2. About hosts(inventory file)¶
This project provides two types of Ansible hosts sample. The following is the location of the main services.
hosts.medium_sample:
Master Services including NameNode and ResourceManager: 3 nodes
Client: 1 node
Slave: 5 nodes
Manage: 1 nodes
Kafka: 3 nodes
hosts.large_sample:
NameNode: 2 nodes
Zookeeper and JournalNode: 3 nodes
ResourceManager: 2 nodes
Client: 1 node
Slave: 10 nodes
Manage: 1 nodes
Kafka: 3 nodes
3. About groups in inventory¶
This example of inventory includes the following configured groups.
Main group
group |
description |
---|---|
production |
The top group which represents the whole of the environment, such as data centers. This group is used to define the environmental specific parameters. |
local |
The dummy group to define localhost in inventory. |
hadoop_all |
The group whih represents the whole of Hadoop cluster. This group includes all groups and nodes in the Hadoop cluster. |
hadoop_master |
This group represents all master nodes. |
hadoop_namenode |
This group represents the primary NameNode and the backup NameNode |
hadoop_journalnode |
This group represents JournalNodes. |
hadoop_zookeeperserver |
This group represents Zookeeper nodes. Important : The parameter “zookeeper_server_id” is configured with each nodes. |
hadoop_resourcemanager |
This group represents ResourceManagers |
hadoop_other |
This group represents nodes which provide Hadoop-related services, such as HistoryServer. |
hadoop_slave |
This group represents slave nodes. |
hadoop_client |
This group represents client nodes. The client nodes are used to execute commands to access Hadoop services and other related services. |
hadoop_pseudo |
This group represents a node which provides Hadoop pseudo environment. This is mainly used for the application development. |
manage |
This group represents nodes which provides the management services, such as Ganglia and Graphite. |
kafka_cluster |
This group represents Kafka brokers of Apache Kafka (Community version) |
confluent_kafka_cluster |
This group represents Kafka brokers of Confluent Kafka |
confluent_schema_registry |
This group represents Confluent’s schema registry service nodes |
confluent_kafka_rest |
This group represents Confluent’s REST Proxy serivce nodes |
data_loader |
This group represents nodes which provide the services to load data to the cluster. e.g. fluentd and td-agent |
endosnipe |
This group represents nodes which provide EndoSNipe servides, such as a dashbord. |
heapstats |
This group represents nodes which use heapstats to monitor JVM processes. |
3.1. Managing several clusters¶
If you want to manage several Hadoop clusters or environments, you can distinguish these environments by using different inventries which have different top-level groups.

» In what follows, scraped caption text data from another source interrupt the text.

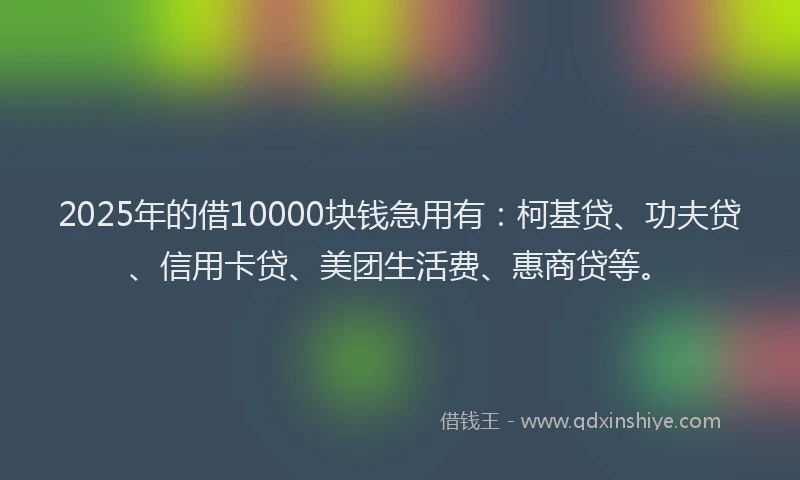 2025年的借10000块钱急用有：柯基贷、功夫贷、信用卡贷、美团生活费、惠商贷等。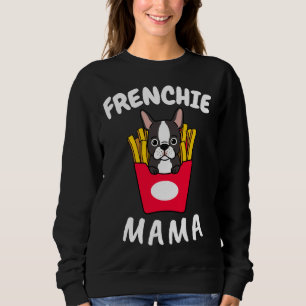 French Bulldog Frenchie Mama Women Mother Mom Dog Sweatshirt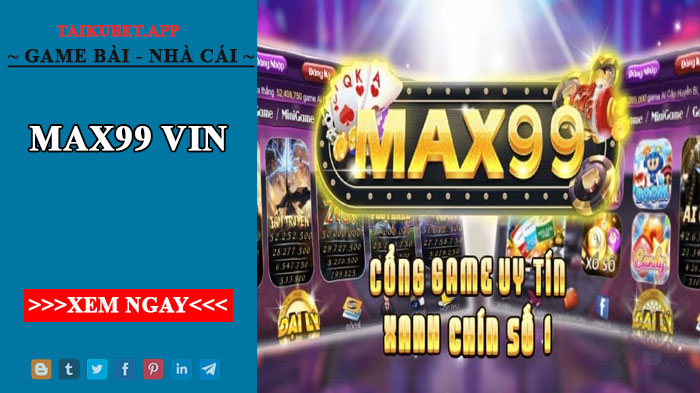 Max99 Vin - Cổng game nổ hũ, đánh bài quốc tế HOT nhất 2022
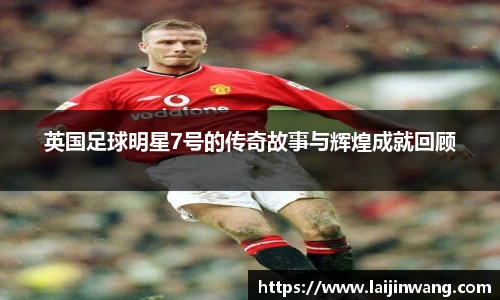 英国足球明星7号的传奇故事与辉煌成就回顾
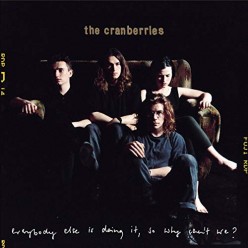 Everybody Else Is Doing It So Why Can't We? [25th Anniversary Edition]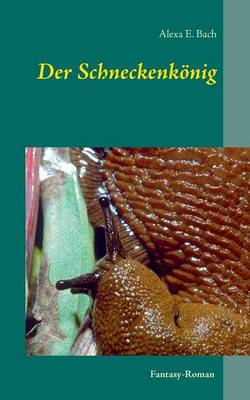 Der Schneckenkonig (Paperback)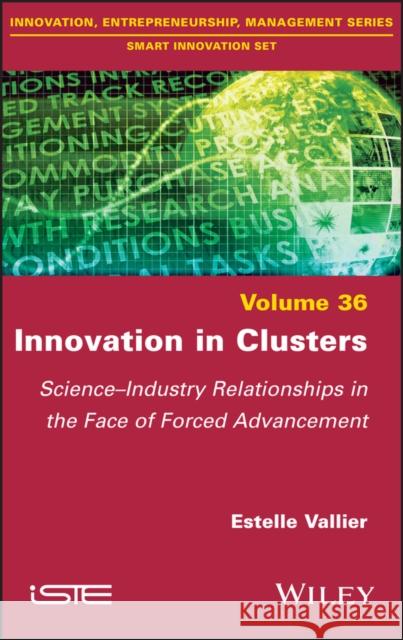 Innovation in Clusters: Science-Industry Relationships in the Face of Forced Advancement Vallier, Estelle 9781786306258 ISTE Ltd - książka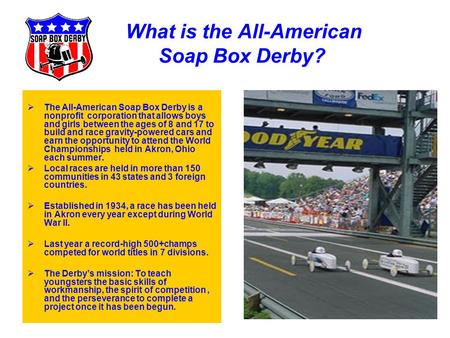 What is the All-American Soap Box Derby?  The All-American Soap Box Derby is a nonprofit corporation that allows boys and girls between the ages of 8.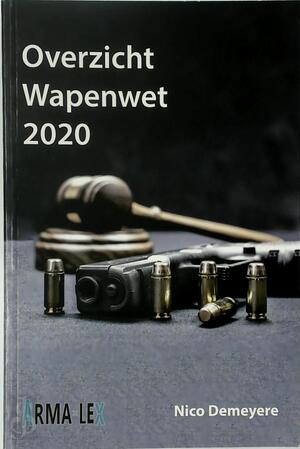 Overzicht Wapenwet 2020 - Nico Demeyere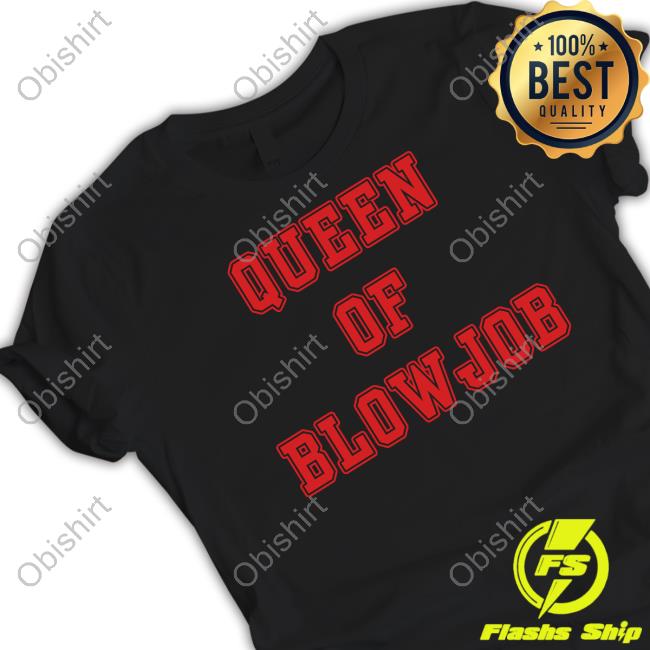 Queen Of Blowjob Tee Shirt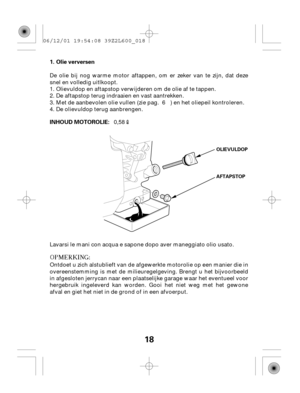 Page 1818
Olie verversen
INHOUD MOTOROLIE: 1.
AFTAPSTOP OLIEVULDOP
De olie bij nog warme motor aftappen, om er zeker van te zijn, dat deze
snel en volledig uitlkoopt.
Olievuldop en aftapstop verwijderen om de olie af te tappen.
De aftapstop terug indraaien en vast aantrekken.
Met de aanbevolen olie vullen (zie pag. ) en het oliepeil kontroleren.
De olievuldop terug aanbrengen.
Lavarsi le mani con acqua e sapone dopo aver maneggiato olio usato.
Ontdoet u zich alstublieft van de afgewerkte motorolie op een manier...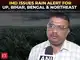 IMD issues rain alert for UP, Bihar, West Bengal, Sikkim and North Eastern states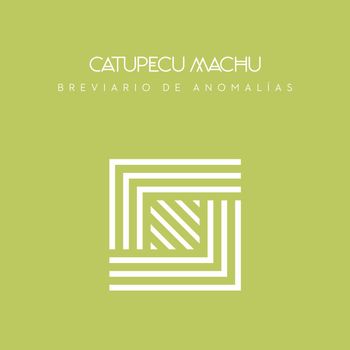 Catupecu Machu - Breviario De Anomalías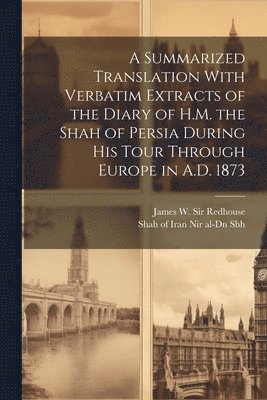 A Summarized Translation With Verbatim Extracts of the Diary of H.M. the Shah of Persia During his Tour Through Europe in A.D. 1873 1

e.g. the production environments, the test environments, the development environments and so on.
The group variables of each group define parameters specific to each environment.
Example
group_vars/all/something … This file provides default parameters common for all environments.
group_vars/production/something … This file provides parameters common for the production environments.
group_vars/test/something … This file provides parameters common for the test environments.